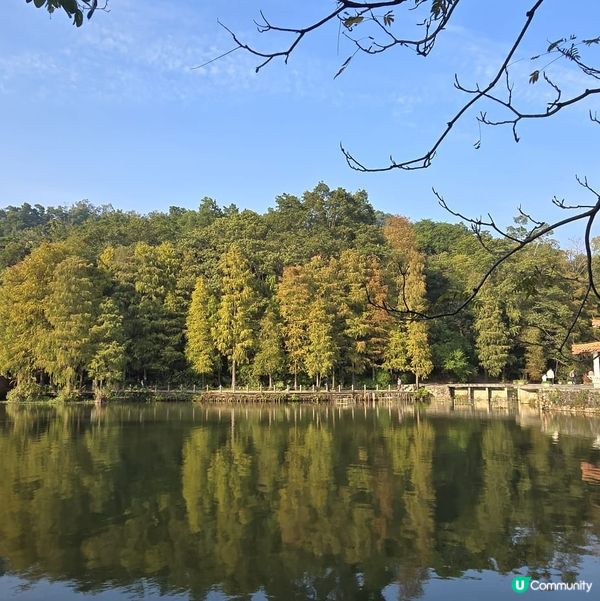 深圳仙湖植物公園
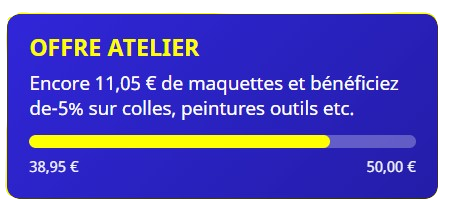 Affichage de la progression de l'offre accessoires Tridipuz dans le panier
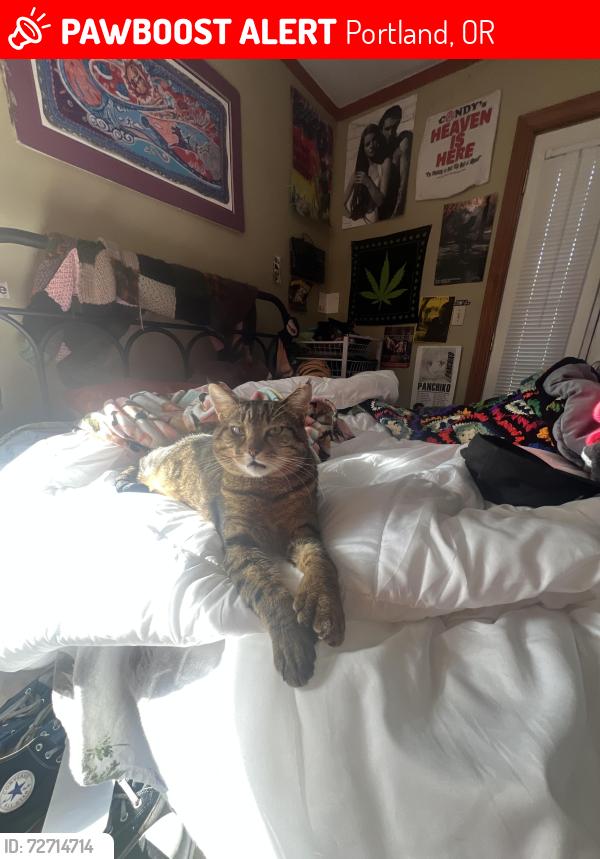 Lost Male Cat last seen tibbets & cesar e chavez, Portland, OR 97206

WORK TO COMPLETE
Write out the material above once more, exactly as it reads, with no pictures.

OUTPUT OF THE TASK
 深圳仙湖植物公園
 Affichage de la progression de l'offre accessoires Tridipuz dans le panier
 Lost Male Cat last seen tibbets & cesar e chavez, Portland, OR 97206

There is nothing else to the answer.